Thomas Tregenna Biddulph (1763–1838) was an English cleric, a leading evangelical in the Bristol area. He particularly opposed the evangelical secession around George Baring (1781–1854), the "western Schism".

==Life==
He was the only son of the Rev. Thomas Biddulph by his first wife, Martha, daughter and coheir of Rev. John Tregenna, rector of Mawgan in Cornwall, and was born at Claines, Worcestershire, 5 July 1763; his father became in 1770 the vicar of Padstow in Cornwall. He was educated at Truro grammar school, and aged 17 matriculated at The Queen's College, Oxford (23 November 1780). He took his degrees of B.A. and M.A. in 1784 and 1787, respectively.

Biddulph was ordained deacon by John Ross, Bishop of Exeter, 26 September 1785, was licensed to the curacy of Padstow, and preached his first sermon in its church. After holding numerous curacies he became the incumbent of Bengeworth near Evesham in 1793. He retained this living for ten years, but mostly resided in Bristol, and it was as the incumbent from 1799 to 1838 of St. James's, Bristol, that his reputation as a preacher and a parish priest was acquired.

With ideas that were at first unpopular in Bristol, in time Biddulph became accepted. He died at St. James's Square, Bristol, 19 May 1838, and was buried 29 May. His monument in St James' Church Bristol was carved by Edward Hodges Baily.

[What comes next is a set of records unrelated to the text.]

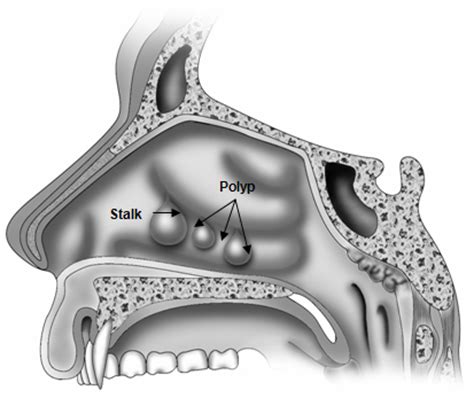 Nasal polyps are the most common tumors of the nasal cavity. Nasal Polyps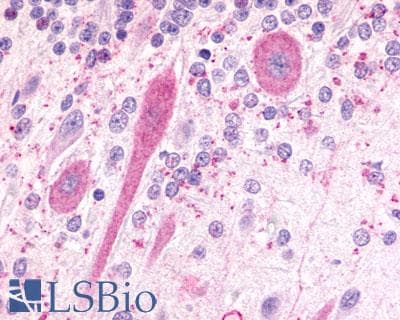 PathPlus™ Polyclonal Rabbit anti-Human FKSG80 / GPR81 Antibody (Extracellular Domain, IHC)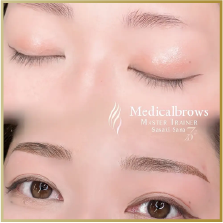 症例1ビフォーアフター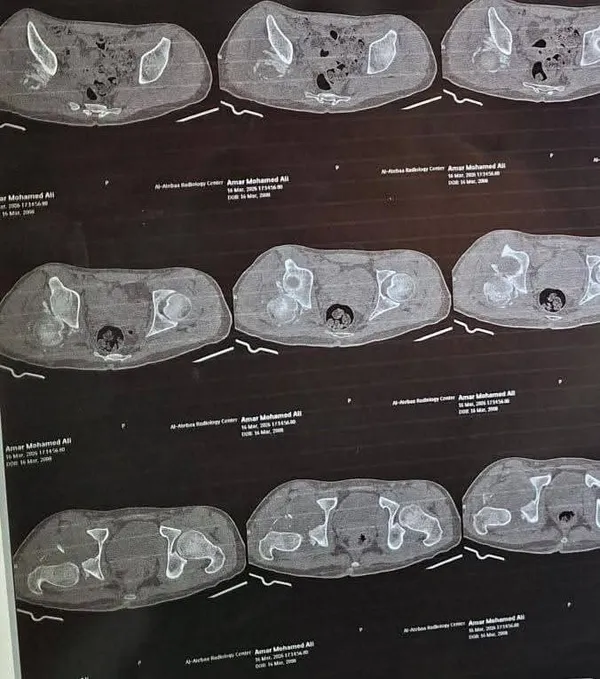 جانب من العملية الجراحية 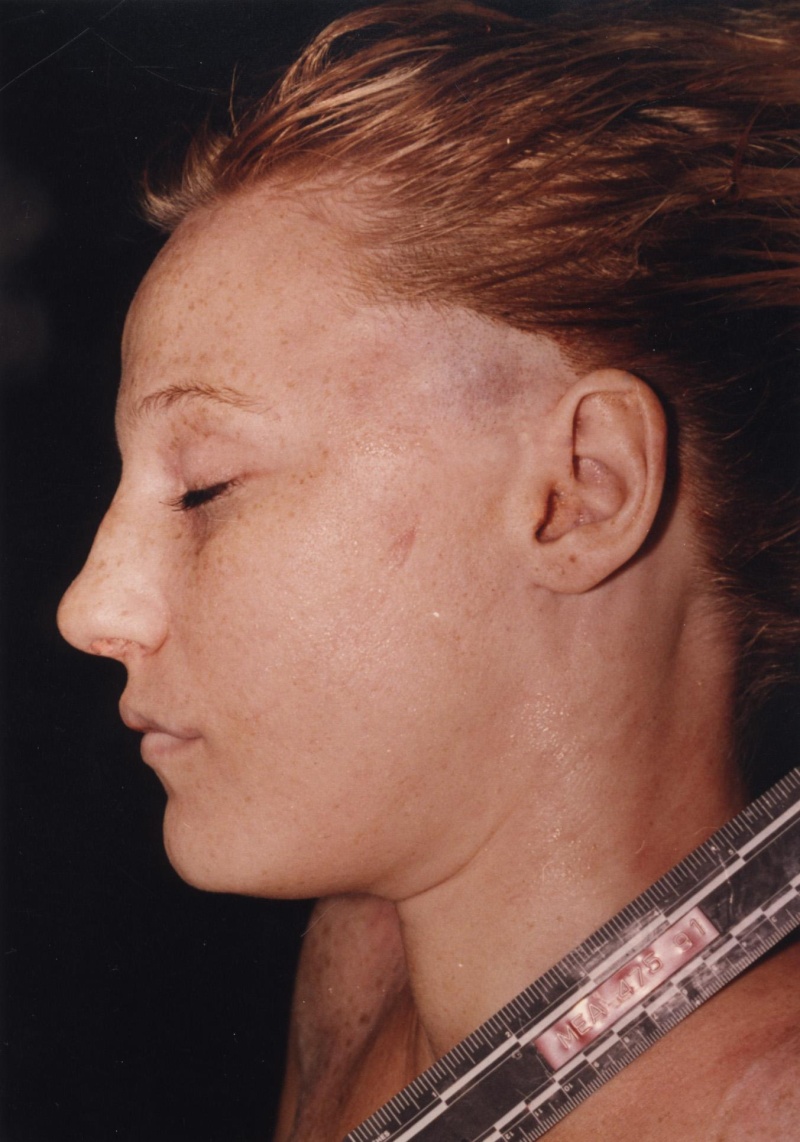 doe99310.jpg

He shared Hutchinsonian views with William Romaine.

==Works==
A lengthy catalogue of Biddulph's writings is in Bibliotheca Cornubiensis. All his works were of evangelical doctrine and theology; he engaged in controversy with John Hey, Richard Warner, and Richard Mant. A periodical called at first Zion's Trumpet, then known for many years under as The Christian Guardian,' was set up him in 1798.

Among his other works, Biddulph authored, The Theology of the Early Patriarchs, Illustrated by an Appeal to Subsequent Parts of the Holy Scriptures (1825).

==Family==
Biddulph's wife Rachel, daughter of Zachariah Shrapnel, whom he married at Bradford, Wiltshire, 19 February 1789. His brother-in-law was Lt.-Gen. Henry Shrapnel, inventor of the shrapnel shell.

He died at St. James's Square, Bristol, 10 August 1828.